Congrats., those cold winter's produce the kids.


----------



## kiyote (Jun 15, 2014)

yup. when de frost is on de pumkin.....

congrats!


----------



## Ruger (Jan 22, 2011)

Congrats, great looking grandchild!


----------



## glenway (Mar 27, 2011)

Sweet 16! Congratulations, Skip.


----------



## pokeyjeeper (Sep 5, 2013)

Congrats skip


----------



## prairiewolf (Feb 19, 2012)

Congrats Skip !!


----------



## youngdon (Mar 10, 2010)

Congratulations Skip. Hopefully they'll all be together soon.


----------



## 220swift (Mar 2, 2011)

Congratulations Skip, and I thought I was fortunate to have 9 Grand-kids but 16. Christmas around your house has got to be a ball.

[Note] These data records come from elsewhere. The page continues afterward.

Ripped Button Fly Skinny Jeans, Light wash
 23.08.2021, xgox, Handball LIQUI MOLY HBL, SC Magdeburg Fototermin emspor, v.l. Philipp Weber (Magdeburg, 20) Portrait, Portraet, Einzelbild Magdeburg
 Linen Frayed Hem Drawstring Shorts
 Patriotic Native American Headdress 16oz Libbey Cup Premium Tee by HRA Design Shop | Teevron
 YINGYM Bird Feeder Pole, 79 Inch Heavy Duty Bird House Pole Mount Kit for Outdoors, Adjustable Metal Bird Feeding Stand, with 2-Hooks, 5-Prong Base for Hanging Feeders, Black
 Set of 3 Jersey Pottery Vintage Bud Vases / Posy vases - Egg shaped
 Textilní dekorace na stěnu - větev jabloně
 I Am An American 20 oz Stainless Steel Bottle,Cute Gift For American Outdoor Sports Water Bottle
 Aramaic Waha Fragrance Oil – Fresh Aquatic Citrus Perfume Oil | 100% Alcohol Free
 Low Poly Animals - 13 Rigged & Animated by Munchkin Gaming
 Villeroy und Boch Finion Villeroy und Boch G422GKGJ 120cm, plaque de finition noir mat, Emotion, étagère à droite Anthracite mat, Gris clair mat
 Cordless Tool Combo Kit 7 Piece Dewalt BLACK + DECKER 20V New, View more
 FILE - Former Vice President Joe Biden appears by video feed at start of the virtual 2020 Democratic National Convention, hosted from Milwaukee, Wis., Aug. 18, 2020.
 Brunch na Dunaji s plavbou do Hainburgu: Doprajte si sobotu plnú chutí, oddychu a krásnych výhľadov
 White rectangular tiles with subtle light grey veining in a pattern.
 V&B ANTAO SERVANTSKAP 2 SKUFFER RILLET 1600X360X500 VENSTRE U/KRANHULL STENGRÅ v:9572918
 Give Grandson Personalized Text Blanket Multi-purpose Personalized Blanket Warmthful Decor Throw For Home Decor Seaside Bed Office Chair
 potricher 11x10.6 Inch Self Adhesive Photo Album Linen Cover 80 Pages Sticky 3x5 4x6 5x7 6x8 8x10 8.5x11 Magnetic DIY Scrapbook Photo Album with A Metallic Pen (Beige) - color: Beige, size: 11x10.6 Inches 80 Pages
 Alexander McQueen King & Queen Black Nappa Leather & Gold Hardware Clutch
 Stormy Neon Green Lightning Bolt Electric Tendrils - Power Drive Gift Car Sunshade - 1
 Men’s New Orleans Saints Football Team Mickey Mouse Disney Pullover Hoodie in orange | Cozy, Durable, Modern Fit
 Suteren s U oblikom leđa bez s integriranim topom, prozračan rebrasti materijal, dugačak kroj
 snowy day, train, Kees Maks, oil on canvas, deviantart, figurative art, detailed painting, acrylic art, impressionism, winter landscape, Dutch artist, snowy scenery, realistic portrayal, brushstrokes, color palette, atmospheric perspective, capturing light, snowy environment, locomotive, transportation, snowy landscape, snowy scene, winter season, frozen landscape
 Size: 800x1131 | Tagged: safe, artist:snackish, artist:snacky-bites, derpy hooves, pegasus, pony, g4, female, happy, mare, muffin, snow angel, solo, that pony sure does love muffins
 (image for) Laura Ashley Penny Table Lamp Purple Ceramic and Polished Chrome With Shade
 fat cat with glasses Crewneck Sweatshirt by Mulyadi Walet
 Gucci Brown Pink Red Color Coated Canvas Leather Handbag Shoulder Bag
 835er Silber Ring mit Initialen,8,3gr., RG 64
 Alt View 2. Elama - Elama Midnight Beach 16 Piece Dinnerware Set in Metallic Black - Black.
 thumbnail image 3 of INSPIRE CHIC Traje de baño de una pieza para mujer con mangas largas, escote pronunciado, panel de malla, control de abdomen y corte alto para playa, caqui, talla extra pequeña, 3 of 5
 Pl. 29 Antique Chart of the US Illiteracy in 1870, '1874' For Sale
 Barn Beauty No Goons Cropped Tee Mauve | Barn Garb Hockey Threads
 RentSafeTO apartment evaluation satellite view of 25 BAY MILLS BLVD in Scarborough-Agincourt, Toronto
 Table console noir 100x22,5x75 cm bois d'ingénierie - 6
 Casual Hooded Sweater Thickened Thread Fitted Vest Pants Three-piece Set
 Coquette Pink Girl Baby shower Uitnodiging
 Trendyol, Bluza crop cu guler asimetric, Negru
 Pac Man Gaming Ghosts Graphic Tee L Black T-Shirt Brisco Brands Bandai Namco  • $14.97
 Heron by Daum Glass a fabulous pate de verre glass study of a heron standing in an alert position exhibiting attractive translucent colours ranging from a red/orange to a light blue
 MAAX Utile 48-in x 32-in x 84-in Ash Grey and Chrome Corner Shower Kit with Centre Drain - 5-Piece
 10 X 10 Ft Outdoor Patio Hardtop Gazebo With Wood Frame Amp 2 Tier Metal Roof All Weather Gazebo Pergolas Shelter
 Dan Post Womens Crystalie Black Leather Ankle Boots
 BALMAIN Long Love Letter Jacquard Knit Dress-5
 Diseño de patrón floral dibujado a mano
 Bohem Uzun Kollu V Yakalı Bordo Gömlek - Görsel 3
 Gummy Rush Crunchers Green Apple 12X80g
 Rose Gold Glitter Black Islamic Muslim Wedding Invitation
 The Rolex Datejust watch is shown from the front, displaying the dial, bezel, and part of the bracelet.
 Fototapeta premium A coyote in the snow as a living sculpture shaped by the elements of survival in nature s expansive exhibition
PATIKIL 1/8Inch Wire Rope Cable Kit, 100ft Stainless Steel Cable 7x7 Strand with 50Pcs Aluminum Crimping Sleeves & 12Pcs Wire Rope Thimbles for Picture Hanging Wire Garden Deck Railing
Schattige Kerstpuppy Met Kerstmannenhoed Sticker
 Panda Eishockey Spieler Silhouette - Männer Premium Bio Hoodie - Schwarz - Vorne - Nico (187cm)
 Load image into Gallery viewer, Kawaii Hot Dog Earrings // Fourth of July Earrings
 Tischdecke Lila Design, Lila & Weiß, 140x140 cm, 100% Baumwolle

Also hoping your son gets to reunite with his family soon.


----------



## SWAMPBUCK10PT (Apr 5, 2010)

*Thanks Guys -----Held her a hour this afternoon----She seems so small today she looks so different--Big smile and if I could tape her cry I'd have a great distress sound LOL---------------------Bill sure wants to hold her but he gets to see her in a video on his phone so that helps----maybe he'll get to hold her in a week or two---------------------------------skip*


----------



## azpredatorhunter (Jul 24, 2012)

Congratulations Skip


----------



## Tuffdaddy (Oct 26, 2012)

Congratulations!!

Sent from my iPhone using Tapatalk


----------



## C2C (Mar 17, 2012)

Congrats on a beauty .. don't think we will make 16, 9 now and 7 are boys . Hope your son heals up fast , this should be some incentive . Like the saying goes " if we had known grandkids were this much fun we would have had them first ". :thumbsup:


----------



## ReidRH (Feb 1, 2010)

Hmmm How did I miss this Congratulations SB!


----------